Jean Sibelius knew what he could and had to do. He composed a new work and organised a concert in November 1899, using the revenue from ticket sales to bolster the benevolent fund for journalists who had been deprived of their livelihood. The piece in question stretches to forty minutes and delights in the original title of Musiikkia Sanomalehdistön päivien juhlanäytäntöön. Never heard of it? Nor had I, not even in the English translation of Press Celebrations Music, though the last of the six tableaux is better known as a precursor to the composer’s most popular piece, Finlandia.

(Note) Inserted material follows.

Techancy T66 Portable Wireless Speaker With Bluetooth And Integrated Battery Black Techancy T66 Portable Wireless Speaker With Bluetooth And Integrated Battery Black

Full marks to Sakari Oramo and the BBC Symphony Orchestra for introducing us in this astonishingly late UK première to the protean germs of musical ideas from which the later symphonies developed. There was already more than a hint of the composer’s signature statements in the chirpy woodwind melodies and confident brass flourishes of the prelude. His individuality was equally present in the deep, earthy sounds and rhetorical flourishes of the second tableau (“The Finns are Baptised”), with striking dissonances and elements of chromaticism reminiscent of his contemporary Scriabin, as well as in the muted horns that conjured up a desolate landscape early in the fourth tableau (“The Finns in the Thirty Years War”). More surprising perhaps was the Spanish flavour evident in the third tableau (“Scene from Duke John’s Court”), to which in his sensitive shaping of these cosmopolitan influences Oramo added an unmistakeably Viennese lilt. The grounding of Sibelius in the German tradition found particular expression in the Wagner-like rumblings from the lower strings that built to a ferocious operatic climax in the fourth tableau and also in the mighty Brucknerian blasts of heavy brass in the following tableau (“The Great Hostility”).
Throughout Oramo conducted with palpable passion and commitment and he was rewarded with incisive and assured playing from the BBCSO. However, it is a work in which the composer’s teeming ideas do not yet emerge fully-formed, and given that in the Barbican the sound can easily acquire a slightly strident edge there was occasionally an uncomfortable over-presence of the brass. Oramo has been winning plaudits from many quarters for the quality of the playing in his current Sibelius cycle and this concert underlined that achievement, most apparent to me in the depth and tonal richness of the strings. If I do have a slight niggle, it was the failure to achieve a hushed but full pianissimo in those passages that cry out for such contrasts, for instance in the lyrical intermezzo of the final tableau (“Finland Awakes”) as well as in the slow movement of the First Symphony that occupied the second half.